3 of 10 Courtesy of Bandon Dunes
Bandon Dunes -- Bandon, Ore. -- As your round begins, on an amiable par 4, followed by a manageable, mid-range par 3, you think, "Well, this is nice." Then you come to the par-4 fourth, whose fairway elbows hard right, then rushes toward the ocean, and you find yourself thinking of the Bandon slogan: "This is golf as it was meant to be."
4 of 10 Courtesy of Kiawah Island Resort
The Ocean Course at Kiawah Island -- Kiawah Island, S.C. -- The ocean itself doesn't come into play, but it makes its presence is felt throughout your round on Pete and Alice Dye's artful design. You sense its influence in the lick of salt spray and in the swirling coastal breezes that wreak havoc on loose shots. Beautiful setting, but no wonder it made Mark Calcavecchia weep.
5 of 10 Courtesy of the American Club
Whistling Straits, Straits Course -- Kohler, Wisc. -- Technically, it's not a seaside course. But Lake Michigan sure looks ocean-sized as you wind along its shoreline, on a layout perched high atop the bluffs. The Straits has been the worthy venue for two PGA Championships, with another pending in 2015. But its dramatic coastal atmosphere, so rife with peril, make it feel like the backdrop for a Gordon Lightfoot song.
6 of 10 Larry Lambrecht
Harbour Town Golf Links -- Hilton Head Island, S.C. -- Tour pros often rank it among their favorite courses, and who can blame them? This Pete Dye design is a place of subtle beauty, a shotmaker's paradise where power takes a backseat to precision. If your game goes sideways, though, not to worry. Forget your scorecard and focus on the views.
7 of 10 Kohjiro Kinno/Sports Illustrated
The Plantation Course, Kapalua Resort -- Kapalua, Maui, Hawaii -- After a long winter, few sights get a golfer chomping at the bit like the technicolor images broadcast in January from the western edge of Maui, where the Tour stages its first event each year. With its arresting views (Look, a pod of humpbacks!) and dramatic shifts in elevation, the Plantation Course is a Hawaiian postcard, rendered tantalizingly in 3D.
8 of 10 Aiden Bradley
Chambers Bay -- University Place, Wash. -- In 2015, it's going to host the Open. Not the British Open. The U.S. Open. Though it's easy to see why you'd mix up the two. Credit Robert Trent Jones Jr. for creating the confusion when he reclaimed what was once a wastewater treatment plant and crafted this rough-hewn Scottish-links-like design.
9 of 10 Larry Lambrecht
Torrey Pines, South Course -- La Jolla, Calif. -- Holes that buck and roll along the ocean. Skies a permanent powder blue. This is a muni?
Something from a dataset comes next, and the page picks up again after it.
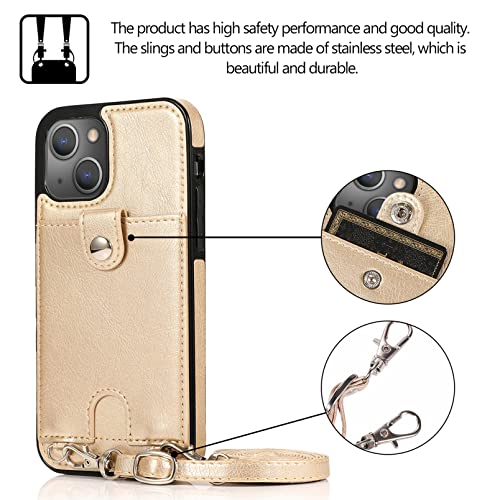 Jaorty Phone Case for iPhone 14 with Card Holder for Women Men,iPhone 14 Crossbody Cases with Strap Lanyard for Girl,PU Leather Anti-Lost Strap Case for iPhone 14 6.1",Gold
Only in a place like San Diego, where bikinis count as formal wear and locals get to play a U.S. Open layout for less than $80.
10 of 10 Aiden Bradley
Sandpiper -- Santa Barbara, Calif. -- In this day and age, it's hard to call a coastal golf course "undiscovered." But this Santa Barbara beauty is something of a sleeper in a state with a healthy share of seaside gems. The Southern California setting gives it the feel of Torrey Pines, but people often call it the "poor man's Pebble." The views are priceless, either way.